Петр Великий был чрезвычайно мало связан узами религиозности и то же, конечно, надо сказать и обо всем окружавшем его бюрократическом генеральном штабе. Зато сознание того, что точные знания о природе являются базой правильного хозяйствования, правильного распоряжения людьми и вещами, крепко вошло в голову хозяев тогдашней России. Отсюда естественное стремление как можно скорее пересадить науку на русскую почву. Строя свою Санкт–Петербургскую Академию, Петр вовсе не думал механически пересадить приглашенных им многоученых немцев в Россию. Говорят, что Петр любил иностранцев; конечно, он находил в них более понимающих помощников, но он великолепно видел, что прививке науки должно во что бы то ни стало содействовать возникновение собственной национальной научной поросли, которая обеспечивала бы возможность большей независимости от Европы. Ленивого русского помещичьего щенка было невероятно трудно заставить учиться. Но Петр решил не жалеть палок и заставить долбить европейскую науку российских недорослей. Немцы призывались для этого, и к немцам отправляли хоть сколько–нибудь способных барчуков.

Очень характерны те, так сказать, кумовья, которые стояли у купели будущей Академии Союза Советских Социалистических Республик. Петр во многом брал свой устав от Парижской Академии наук. Парижская Академия еще и в десятой доле не развернула той революционности научной мысли, которой отличались французские просветители несколькими десятками лет позже, но тем не менее это была очень серьезная буржуазная батарея. Ее членами были очень многие дворяне, но это были дворяне обуржуазенного типа.

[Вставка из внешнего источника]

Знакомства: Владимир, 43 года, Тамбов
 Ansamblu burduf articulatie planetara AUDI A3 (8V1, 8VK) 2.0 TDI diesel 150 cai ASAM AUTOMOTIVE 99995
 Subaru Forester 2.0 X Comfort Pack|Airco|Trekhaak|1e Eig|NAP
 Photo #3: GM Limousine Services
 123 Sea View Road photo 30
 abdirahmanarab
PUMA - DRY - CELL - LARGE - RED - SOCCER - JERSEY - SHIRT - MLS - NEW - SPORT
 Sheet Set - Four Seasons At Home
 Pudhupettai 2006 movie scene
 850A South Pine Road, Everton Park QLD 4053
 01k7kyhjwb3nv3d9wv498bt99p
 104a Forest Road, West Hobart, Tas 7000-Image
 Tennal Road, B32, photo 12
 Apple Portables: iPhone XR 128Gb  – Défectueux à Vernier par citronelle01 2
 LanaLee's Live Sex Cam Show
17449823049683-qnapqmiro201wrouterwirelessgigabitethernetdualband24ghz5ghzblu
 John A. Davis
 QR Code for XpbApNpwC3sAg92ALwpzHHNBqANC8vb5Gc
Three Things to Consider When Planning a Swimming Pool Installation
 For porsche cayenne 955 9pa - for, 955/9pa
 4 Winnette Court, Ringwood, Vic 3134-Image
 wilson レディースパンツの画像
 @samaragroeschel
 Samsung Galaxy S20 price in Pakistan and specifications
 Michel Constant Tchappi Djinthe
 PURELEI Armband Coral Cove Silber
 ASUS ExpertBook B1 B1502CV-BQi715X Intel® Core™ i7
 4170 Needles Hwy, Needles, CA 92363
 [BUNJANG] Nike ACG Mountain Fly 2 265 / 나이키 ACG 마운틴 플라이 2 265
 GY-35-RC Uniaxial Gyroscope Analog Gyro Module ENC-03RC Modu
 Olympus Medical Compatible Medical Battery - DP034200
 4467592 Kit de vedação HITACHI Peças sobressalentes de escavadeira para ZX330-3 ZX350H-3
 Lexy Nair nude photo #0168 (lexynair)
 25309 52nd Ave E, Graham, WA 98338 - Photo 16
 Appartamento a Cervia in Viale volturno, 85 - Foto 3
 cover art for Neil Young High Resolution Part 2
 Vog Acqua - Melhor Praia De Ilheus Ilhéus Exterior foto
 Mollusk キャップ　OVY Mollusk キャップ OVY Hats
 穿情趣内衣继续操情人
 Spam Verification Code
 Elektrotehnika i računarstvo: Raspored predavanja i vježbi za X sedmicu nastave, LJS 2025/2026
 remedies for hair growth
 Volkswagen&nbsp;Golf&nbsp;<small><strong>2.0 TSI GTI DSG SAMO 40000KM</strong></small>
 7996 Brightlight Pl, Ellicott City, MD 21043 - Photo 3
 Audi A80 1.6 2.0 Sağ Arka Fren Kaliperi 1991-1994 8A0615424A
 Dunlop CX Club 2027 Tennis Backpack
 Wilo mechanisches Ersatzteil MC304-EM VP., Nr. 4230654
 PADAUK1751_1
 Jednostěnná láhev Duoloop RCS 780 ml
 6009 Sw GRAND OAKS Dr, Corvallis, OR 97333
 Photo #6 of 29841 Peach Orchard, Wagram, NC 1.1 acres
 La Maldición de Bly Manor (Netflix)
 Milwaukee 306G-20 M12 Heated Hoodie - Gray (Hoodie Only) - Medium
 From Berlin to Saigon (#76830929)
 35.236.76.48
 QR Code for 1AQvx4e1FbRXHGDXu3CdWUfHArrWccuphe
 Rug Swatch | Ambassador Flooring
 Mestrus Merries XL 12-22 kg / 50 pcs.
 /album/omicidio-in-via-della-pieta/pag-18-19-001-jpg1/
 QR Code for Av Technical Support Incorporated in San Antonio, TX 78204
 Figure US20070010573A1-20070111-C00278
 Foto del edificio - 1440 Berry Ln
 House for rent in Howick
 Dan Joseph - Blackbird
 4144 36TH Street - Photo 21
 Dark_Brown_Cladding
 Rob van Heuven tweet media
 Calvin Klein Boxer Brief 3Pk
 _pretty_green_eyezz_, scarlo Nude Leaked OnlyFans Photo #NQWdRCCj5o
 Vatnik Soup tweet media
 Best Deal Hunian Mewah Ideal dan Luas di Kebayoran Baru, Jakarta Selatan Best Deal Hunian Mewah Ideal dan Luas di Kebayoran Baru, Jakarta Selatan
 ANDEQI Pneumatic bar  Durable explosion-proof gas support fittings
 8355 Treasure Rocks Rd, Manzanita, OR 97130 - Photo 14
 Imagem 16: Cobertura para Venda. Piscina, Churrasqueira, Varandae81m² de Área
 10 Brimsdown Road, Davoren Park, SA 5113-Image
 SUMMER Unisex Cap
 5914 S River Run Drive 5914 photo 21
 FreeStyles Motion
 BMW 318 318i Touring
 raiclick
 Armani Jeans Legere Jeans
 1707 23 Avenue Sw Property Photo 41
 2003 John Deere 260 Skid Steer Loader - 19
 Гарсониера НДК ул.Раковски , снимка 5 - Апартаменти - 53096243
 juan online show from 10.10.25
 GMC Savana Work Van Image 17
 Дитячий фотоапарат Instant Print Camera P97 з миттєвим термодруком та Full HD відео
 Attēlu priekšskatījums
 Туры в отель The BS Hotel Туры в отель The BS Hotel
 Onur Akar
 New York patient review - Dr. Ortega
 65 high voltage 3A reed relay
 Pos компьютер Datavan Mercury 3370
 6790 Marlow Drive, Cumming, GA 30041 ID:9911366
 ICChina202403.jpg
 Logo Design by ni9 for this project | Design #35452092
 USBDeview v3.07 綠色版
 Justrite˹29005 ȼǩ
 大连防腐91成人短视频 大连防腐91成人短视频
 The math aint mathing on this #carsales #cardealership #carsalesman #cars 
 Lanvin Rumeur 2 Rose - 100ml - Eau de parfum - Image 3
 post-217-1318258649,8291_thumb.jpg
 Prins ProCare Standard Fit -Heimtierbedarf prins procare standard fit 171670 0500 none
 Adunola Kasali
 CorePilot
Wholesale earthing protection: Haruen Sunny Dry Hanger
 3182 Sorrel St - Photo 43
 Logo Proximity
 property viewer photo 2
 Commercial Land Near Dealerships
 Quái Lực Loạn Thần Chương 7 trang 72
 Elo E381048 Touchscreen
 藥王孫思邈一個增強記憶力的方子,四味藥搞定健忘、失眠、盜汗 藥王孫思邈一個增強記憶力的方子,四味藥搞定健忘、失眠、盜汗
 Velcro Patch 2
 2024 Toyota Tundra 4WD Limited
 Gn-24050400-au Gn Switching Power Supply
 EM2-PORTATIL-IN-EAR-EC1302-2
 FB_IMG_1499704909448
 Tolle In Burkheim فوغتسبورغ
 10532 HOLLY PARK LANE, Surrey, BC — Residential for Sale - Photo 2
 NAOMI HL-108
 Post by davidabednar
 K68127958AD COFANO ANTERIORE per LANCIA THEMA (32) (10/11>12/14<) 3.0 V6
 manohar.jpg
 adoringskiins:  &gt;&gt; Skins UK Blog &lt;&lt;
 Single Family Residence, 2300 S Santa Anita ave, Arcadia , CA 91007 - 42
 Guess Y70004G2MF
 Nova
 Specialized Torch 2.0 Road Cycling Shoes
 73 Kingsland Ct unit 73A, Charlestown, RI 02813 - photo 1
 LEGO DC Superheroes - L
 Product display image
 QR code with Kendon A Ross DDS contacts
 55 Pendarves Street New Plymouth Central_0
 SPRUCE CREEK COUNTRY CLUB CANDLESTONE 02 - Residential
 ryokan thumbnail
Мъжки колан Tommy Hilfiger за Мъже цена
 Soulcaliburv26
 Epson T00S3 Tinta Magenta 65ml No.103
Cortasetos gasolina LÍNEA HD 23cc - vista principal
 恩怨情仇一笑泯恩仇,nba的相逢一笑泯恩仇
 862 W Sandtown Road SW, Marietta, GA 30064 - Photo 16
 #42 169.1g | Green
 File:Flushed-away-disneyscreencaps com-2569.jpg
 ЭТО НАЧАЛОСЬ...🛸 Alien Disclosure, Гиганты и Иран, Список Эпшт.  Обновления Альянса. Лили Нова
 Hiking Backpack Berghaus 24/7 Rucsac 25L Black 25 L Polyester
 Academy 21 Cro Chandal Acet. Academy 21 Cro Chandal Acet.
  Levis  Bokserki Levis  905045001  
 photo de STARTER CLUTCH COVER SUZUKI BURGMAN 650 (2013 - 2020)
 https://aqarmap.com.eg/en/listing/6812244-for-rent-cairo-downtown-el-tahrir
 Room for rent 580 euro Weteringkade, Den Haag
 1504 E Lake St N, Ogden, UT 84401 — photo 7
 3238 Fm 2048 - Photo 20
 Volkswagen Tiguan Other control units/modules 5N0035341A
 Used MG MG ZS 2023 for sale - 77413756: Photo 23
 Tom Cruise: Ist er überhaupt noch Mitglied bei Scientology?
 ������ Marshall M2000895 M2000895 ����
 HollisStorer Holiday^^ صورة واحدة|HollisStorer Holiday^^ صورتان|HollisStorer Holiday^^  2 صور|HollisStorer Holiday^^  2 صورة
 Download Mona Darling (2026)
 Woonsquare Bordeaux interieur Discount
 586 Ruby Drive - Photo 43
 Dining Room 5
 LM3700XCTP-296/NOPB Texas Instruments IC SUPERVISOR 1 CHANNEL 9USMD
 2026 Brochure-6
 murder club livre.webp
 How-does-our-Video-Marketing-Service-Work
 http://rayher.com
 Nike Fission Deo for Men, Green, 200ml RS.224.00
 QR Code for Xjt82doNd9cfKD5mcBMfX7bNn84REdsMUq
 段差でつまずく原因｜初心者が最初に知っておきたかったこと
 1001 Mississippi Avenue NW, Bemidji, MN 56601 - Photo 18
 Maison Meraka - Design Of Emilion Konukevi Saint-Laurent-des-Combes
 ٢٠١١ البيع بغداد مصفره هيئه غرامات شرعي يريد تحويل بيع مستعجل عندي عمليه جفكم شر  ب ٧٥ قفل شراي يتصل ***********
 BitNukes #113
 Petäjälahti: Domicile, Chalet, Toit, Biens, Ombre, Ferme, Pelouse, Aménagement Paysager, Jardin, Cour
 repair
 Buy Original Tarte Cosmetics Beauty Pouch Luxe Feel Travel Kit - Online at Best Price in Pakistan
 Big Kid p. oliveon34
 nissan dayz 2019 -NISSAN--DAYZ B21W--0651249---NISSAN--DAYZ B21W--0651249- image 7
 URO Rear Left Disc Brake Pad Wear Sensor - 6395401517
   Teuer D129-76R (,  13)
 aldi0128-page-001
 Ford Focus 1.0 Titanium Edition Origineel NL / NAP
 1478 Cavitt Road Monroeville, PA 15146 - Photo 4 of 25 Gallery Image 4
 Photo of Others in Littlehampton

В Парижской Академии, в самой интересной для Петра части ее, среди математиков, механиков, физиков, химиков и всякого рода других естествоиспытателей, царила та же влюблённость в приобретение точных знаний о природе. Позднее именно на этой почве вырастет чудесный цветок энциклопедии Дидро. Парижская наука позднее не только будет содействовать революционному рационализму, этой весьма активной силе в стихийном сдвиге конца XVIII века, но солидаризируется с самими революционерами, даст своих членов во все партии вплоть до самой крайней, предложит весьма действенную помощь науке в деле самообороны революционной Франции и устроения новой жизни. Вместе со всей французской буржуазией, французская паука переживает огромный под’ем вверх не только в смысле чисто научных достижений, но и в смысле понимания глубочайшей внутренней связи между наукой и революцией, понимаемой как процесс сознательного устроения целесообразных форм жизни на земле. Заложенного в Парижской Академии революционного заряда Петр, конечно, не понимал. Ему было важно приобрести орудие просвещения своего дворянского чиновничества и опору для развития национальной промышленности и торговли, а также и в первую очередь военной техники.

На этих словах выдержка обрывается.